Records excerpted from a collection
*** Begin section ***
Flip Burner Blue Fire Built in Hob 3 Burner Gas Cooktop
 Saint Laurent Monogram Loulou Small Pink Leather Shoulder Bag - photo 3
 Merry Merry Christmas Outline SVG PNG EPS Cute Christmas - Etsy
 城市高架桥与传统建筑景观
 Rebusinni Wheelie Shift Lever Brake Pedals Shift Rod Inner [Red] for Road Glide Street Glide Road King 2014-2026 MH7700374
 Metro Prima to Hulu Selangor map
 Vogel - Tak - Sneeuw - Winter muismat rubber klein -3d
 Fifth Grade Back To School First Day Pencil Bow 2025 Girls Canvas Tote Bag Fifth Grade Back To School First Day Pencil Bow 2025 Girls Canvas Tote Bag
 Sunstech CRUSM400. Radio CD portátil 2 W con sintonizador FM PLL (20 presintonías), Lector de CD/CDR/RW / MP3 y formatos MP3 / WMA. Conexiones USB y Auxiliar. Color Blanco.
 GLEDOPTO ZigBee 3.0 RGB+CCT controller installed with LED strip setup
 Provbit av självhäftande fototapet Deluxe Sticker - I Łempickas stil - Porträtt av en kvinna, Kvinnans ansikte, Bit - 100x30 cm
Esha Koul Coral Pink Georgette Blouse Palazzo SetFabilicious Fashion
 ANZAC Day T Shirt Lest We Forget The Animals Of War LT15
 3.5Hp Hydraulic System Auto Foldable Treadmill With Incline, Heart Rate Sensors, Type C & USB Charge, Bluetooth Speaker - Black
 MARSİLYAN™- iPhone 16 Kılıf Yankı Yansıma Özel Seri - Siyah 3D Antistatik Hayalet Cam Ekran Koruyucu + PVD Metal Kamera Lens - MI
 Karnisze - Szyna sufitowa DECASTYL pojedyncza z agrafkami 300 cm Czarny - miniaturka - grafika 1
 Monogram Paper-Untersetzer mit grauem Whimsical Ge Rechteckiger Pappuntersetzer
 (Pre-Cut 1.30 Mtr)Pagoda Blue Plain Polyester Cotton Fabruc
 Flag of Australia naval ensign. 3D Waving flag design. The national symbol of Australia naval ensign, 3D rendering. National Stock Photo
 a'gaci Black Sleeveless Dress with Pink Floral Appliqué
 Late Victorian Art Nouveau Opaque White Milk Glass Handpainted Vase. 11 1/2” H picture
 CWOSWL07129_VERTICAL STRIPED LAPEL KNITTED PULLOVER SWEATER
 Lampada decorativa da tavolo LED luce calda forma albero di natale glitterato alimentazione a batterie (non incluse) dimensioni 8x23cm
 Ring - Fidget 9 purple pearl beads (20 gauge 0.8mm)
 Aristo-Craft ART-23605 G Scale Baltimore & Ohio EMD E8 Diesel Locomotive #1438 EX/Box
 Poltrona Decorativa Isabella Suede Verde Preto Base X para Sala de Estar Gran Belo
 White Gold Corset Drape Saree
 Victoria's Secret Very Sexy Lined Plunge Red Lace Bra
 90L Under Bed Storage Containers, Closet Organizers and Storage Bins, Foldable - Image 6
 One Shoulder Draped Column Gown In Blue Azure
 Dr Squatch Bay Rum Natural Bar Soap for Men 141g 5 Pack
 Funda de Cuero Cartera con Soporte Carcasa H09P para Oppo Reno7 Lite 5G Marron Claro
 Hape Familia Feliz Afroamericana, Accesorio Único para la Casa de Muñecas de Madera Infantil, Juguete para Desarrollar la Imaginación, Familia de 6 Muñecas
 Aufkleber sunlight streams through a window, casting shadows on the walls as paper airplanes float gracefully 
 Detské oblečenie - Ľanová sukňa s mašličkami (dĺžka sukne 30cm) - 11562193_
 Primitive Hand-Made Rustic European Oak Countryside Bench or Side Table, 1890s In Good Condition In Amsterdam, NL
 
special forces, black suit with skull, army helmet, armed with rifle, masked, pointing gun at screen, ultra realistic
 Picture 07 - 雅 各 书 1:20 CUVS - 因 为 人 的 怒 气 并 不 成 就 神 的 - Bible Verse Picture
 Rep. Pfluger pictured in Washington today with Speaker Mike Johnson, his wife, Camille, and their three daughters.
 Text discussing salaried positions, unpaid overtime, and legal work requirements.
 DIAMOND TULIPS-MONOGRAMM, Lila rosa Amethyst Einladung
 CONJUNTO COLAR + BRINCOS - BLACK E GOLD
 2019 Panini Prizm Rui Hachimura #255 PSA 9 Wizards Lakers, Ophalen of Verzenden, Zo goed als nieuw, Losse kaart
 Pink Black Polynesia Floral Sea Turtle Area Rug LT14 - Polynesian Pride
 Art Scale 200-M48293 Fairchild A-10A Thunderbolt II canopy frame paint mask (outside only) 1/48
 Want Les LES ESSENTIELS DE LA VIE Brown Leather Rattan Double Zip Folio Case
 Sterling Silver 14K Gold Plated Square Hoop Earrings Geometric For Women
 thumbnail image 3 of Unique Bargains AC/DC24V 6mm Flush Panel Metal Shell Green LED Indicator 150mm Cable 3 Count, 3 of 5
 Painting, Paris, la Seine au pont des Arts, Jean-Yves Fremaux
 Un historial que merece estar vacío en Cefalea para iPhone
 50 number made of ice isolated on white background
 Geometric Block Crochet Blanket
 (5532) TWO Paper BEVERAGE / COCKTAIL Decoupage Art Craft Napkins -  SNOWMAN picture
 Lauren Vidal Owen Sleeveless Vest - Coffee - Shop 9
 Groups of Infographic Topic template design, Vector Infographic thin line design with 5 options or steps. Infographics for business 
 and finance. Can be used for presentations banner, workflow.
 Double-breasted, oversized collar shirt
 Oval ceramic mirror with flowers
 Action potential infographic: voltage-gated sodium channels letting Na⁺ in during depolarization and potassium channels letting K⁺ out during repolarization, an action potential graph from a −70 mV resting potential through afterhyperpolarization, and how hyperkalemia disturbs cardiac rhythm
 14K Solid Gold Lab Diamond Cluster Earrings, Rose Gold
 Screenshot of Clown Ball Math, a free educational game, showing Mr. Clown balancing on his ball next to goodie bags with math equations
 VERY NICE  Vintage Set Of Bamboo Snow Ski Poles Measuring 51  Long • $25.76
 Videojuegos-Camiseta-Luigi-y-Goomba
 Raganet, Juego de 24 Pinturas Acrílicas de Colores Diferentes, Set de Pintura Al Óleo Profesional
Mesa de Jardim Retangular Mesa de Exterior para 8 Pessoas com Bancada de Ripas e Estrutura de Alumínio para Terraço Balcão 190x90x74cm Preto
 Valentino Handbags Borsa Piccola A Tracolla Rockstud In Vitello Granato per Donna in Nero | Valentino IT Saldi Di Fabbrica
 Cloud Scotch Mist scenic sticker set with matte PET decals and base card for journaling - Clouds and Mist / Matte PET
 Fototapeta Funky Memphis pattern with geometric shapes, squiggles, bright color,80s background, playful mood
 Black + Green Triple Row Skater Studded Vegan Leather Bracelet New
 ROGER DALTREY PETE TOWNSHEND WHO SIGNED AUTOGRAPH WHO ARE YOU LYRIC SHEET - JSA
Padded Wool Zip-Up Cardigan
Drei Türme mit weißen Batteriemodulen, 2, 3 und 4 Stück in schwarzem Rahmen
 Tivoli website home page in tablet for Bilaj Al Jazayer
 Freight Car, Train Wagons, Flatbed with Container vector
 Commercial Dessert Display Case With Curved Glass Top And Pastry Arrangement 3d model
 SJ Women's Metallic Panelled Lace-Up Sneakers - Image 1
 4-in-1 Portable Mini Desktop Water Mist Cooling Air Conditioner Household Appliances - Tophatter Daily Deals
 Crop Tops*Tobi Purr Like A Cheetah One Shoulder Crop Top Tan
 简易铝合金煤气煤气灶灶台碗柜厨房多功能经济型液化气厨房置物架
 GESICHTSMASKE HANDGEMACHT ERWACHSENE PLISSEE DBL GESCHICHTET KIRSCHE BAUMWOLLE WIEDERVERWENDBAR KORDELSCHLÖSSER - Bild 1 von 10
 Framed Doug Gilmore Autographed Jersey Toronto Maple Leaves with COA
*** End section ***
▶ Exercise: Given the records above, restate word for word only the lines starting at the one with "CONJUNTO COLAR + BRINCOS - BLACK E GOLD" and ending at the one with "Oval ceramic mirror with flowers".

▶ Expected answer:
 CONJUNTO COLAR + BRINCOS - BLACK E GOLD
 2019 Panini Prizm Rui Hachimura #255 PSA 9 Wizards Lakers, Ophalen of Verzenden, Zo goed als nieuw, Losse kaart
 Pink Black Polynesia Floral Sea Turtle Area Rug LT14 - Polynesian Pride
 Art Scale 200-M48293 Fairchild A-10A Thunderbolt II canopy frame paint mask (outside only) 1/48
 Want Les LES ESSENTIELS DE LA VIE Brown Leather Rattan Double Zip Folio Case
 Sterling Silver 14K Gold Plated Square Hoop Earrings Geometric For Women
 thumbnail image 3 of Unique Bargains AC/DC24V 6mm Flush Panel Metal Shell Green LED Indicator 150mm Cable 3 Count, 3 of 5
 Painting, Paris, la Seine au pont des Arts, Jean-Yves Fremaux
 Un historial que merece estar vacío en Cefalea para iPhone
 50 number made of ice isolated on white background
 Geometric Block Crochet Blanket
 (5532) TWO Paper BEVERAGE / COCKTAIL Decoupage Art Craft Napkins -  SNOWMAN picture
 Lauren Vidal Owen Sleeveless Vest - Coffee - Shop 9
 Groups of Infographic Topic template design, Vector Infographic thin line design with 5 options or steps. Infographics for business 
 and finance. Can be used for presentations banner, workflow.
 Double-breasted, oversized collar shirt
 Oval ceramic mirror with flowers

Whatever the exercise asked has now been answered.